Friday, Feb. 22, 1963
A Private Subway
The businessmen of Fort Worth--like those in many another U.S. city--watched in dismay as traffic congestion clogged downtown streets and customers fled to the suburbs. At their behest the city hired Architect-Planner Victor Gruen to redesign the downtown area, but Gruen's elaborate plan proved to cost more than the city fathers were prepared to pay. Then a downtown mall was tried, but planners failed to provide enough convenient parking space; in the Texas long hot summer, the few potted trees they installed did little to shade the wide concrete expanse, and business declined. But Marvin and Obediah Leonard, who own Leonards, the biggest department store in town, refused to move to the suburbs.
"Let them put up the sideshows anywhere they want," said Marvin Leonard. ''They'll still want to come into the main tent, and this is it." The Leonards set out to solve the problem on their own. And last week they proudly opened a private, mile-long, $500,000 underground subway, running between parking lot and store.
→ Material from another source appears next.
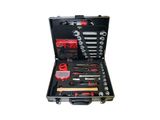 a tool case with tools in it on a white background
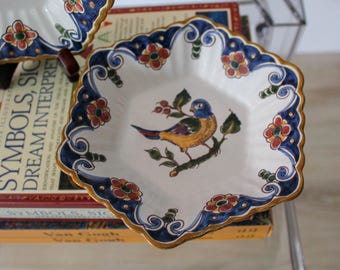 Makkum Bord Vogel (Koninklijke Tichelaar Makkum)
Leonards, which sprawls over four city blocks, sells items ranging from barn siding to $1.99 ''Ivy League Pants." Several years ago, the Leonards bought a big parking lot for 5,000 cars on the bank of the Trinity River and began experimenting with free bus rides from it to the store. The buses lured customers back, but provided a slow and hot ride. Obediah thought of a subway. The Leonards acquired five old Washington, D.C., streetcars, spiffed them up with stainless steel and new seats, installed air conditioning, and carved a double-track tunnel between store and Jot: This week the M (for Marvin) & O (for Obediah) subway--"the first subway south of the Mason-Dixon line"--began service, delivering as many as 500 passengers every 3 1/2 minutes to the store's basement. Price per ride: nothing.
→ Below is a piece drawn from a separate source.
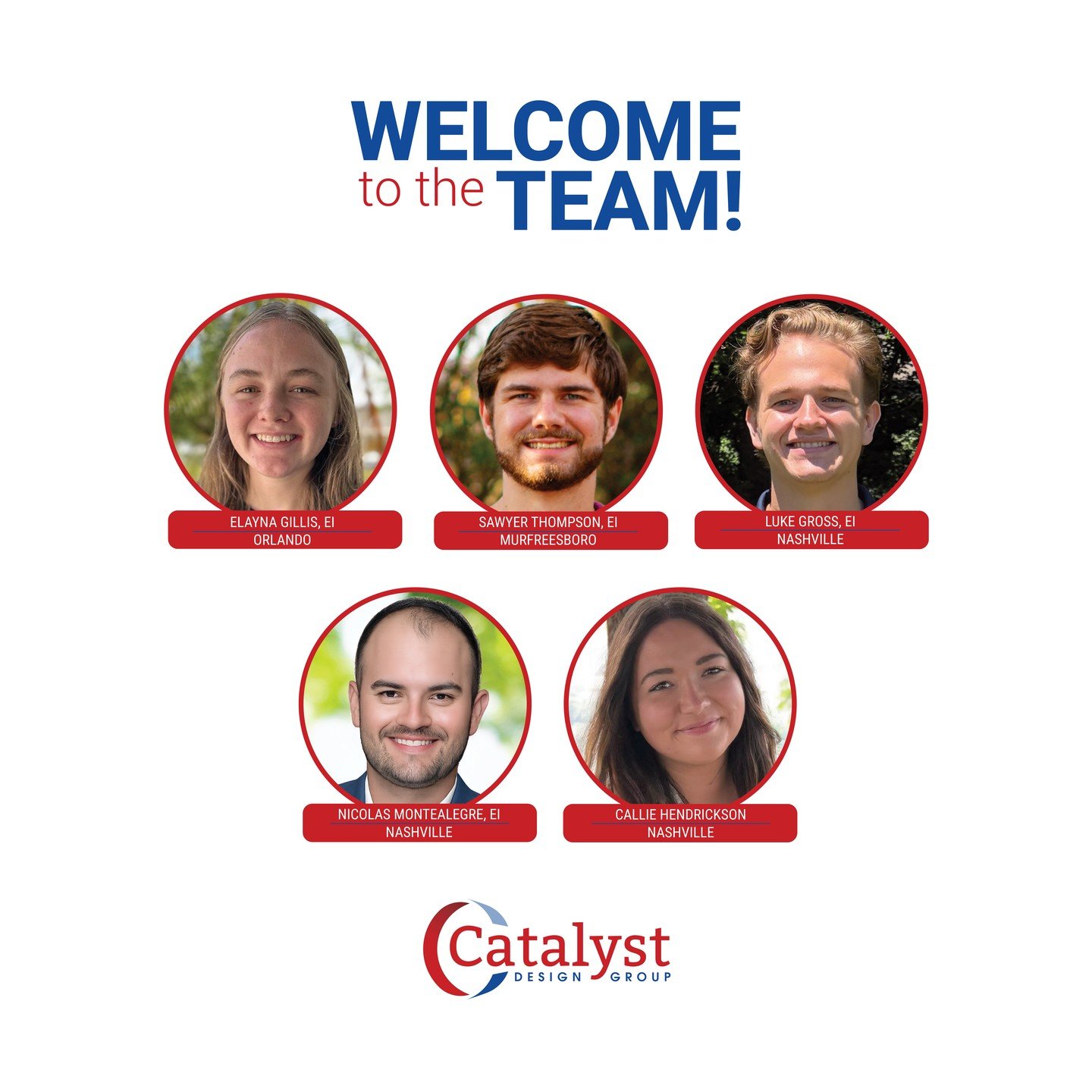 Say hello to our five new Catalyst team members! 🖐 Elayna, Sawyer, Luke, Nicolas, and Callie joined us full-time this summer. We are especially honored that Nicolas and Sawyer returned after interning with us!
In fact, anybody can ride free. There is no charge for parking in the store's lot. not even a ticket to be "validated at the time of a store purchase." Even though the store does not open until 9 a.m., the subway will begin carrying early-morning commuters at 7:30; at the very least, the Leonards hope to grab off some of the passengers for popcorn or a hot dog at the subway-station snack bar. ''We're dang poor merchants.'' drawls Obie Leonard, ''if we can't sell them something while we've got them here."
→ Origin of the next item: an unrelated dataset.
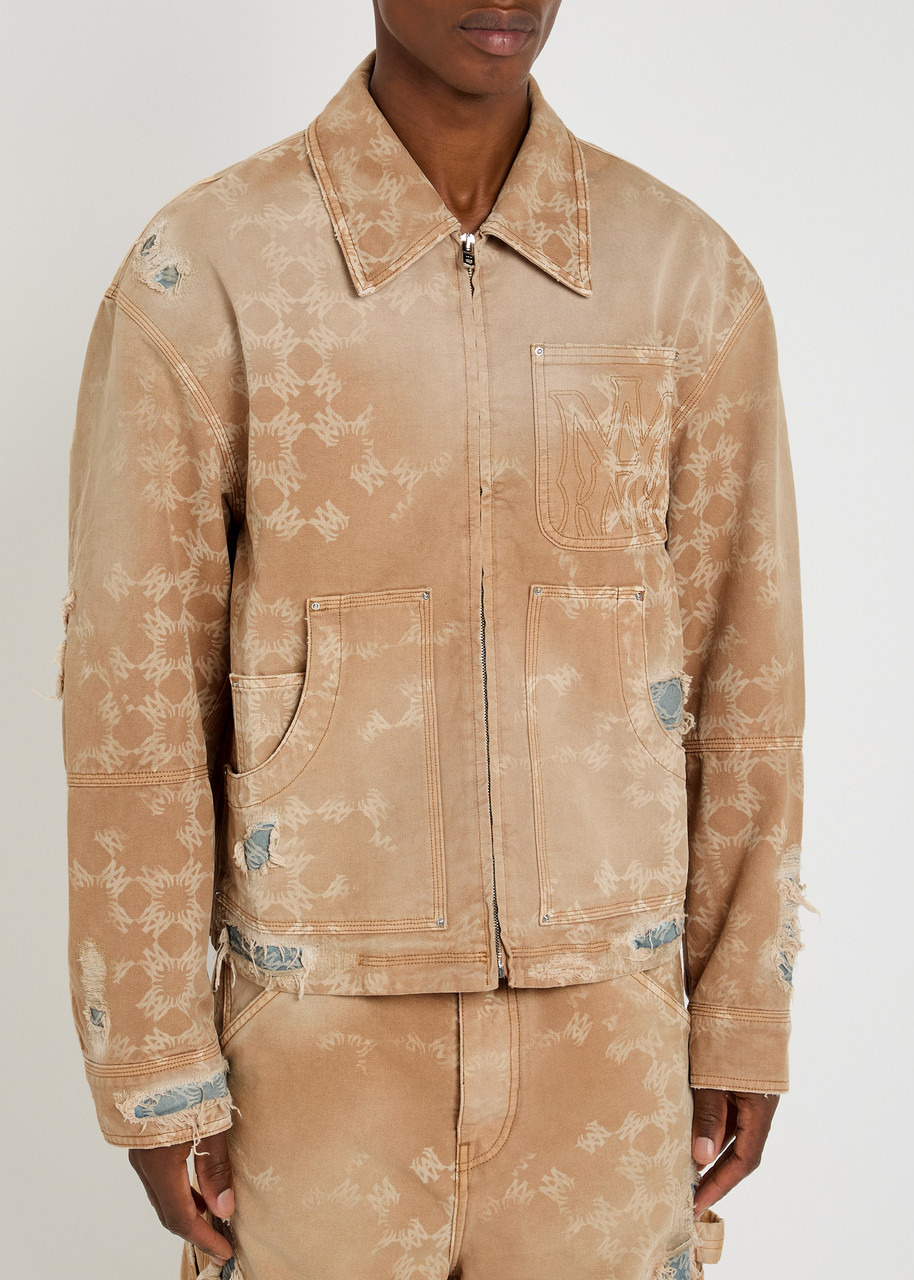 Amiri Denim Repair Logo-monogram Jacket - 2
Actually, the expense is not as high as it might seem. Adds Obie: "The whole shebang--lot, tunnel, subway cars, the works--costs us only about $200 per parking space." Other downtown merchants, anticipating the Leonards' bringing customers painlessly into the area, have begun sprucing up their own store fronts to attract as many as they can. The Leonards don't mind, since they have first crack at riders of their private subway.